# WHAT YOU SHOULD DO:
Would you return exactly the lines below from the line with "مم) in Kuwait" through the line with "La Bresse Apartamento", both included, and nothing else, leaving out the pictures?

# DATA UNDER STUDY:
..............................

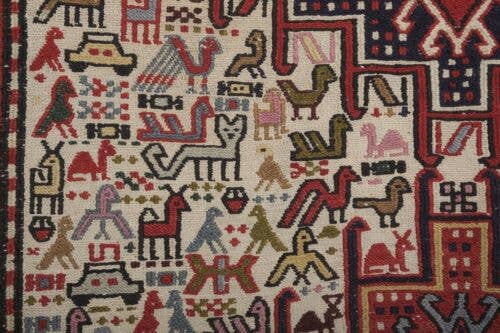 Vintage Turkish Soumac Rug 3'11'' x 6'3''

..............................

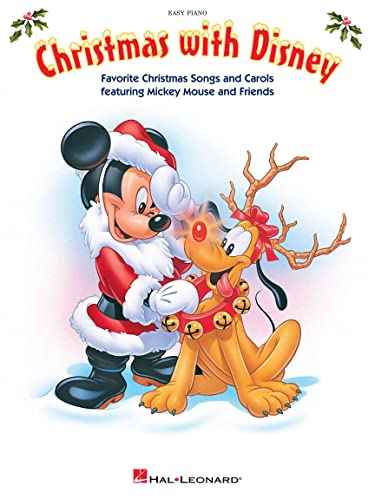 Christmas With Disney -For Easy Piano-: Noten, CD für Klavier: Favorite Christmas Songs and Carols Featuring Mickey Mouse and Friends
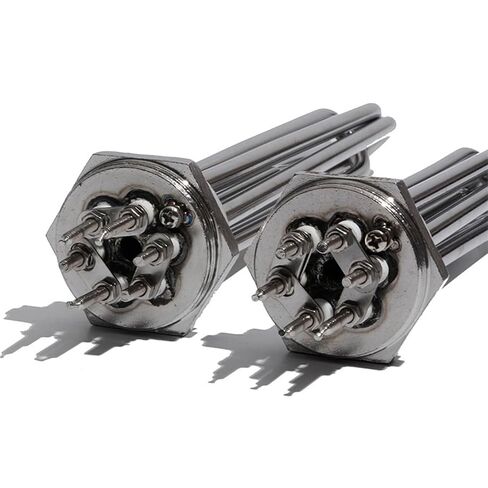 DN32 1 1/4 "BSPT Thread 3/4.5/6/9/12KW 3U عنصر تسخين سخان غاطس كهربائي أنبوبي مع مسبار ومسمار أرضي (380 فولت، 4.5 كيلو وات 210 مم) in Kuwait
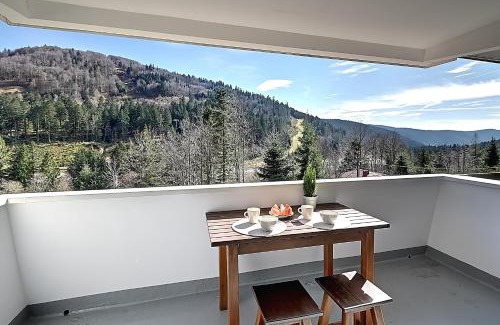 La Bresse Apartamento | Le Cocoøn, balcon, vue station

..............................

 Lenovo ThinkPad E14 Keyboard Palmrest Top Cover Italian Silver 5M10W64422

..............................

# TASK SOLUTION:
 DN32 1 1/4 "BSPT Thread 3/4.5/6/9/12KW 3U عنصر تسخين سخان غاطس كهربائي أنبوبي مع مسبار ومسمار أرضي (380 فولت، 4.5 كيلو وات 210 مم) in Kuwait
 La Bresse Apartamento | Le Cocoøn, balcon, vue station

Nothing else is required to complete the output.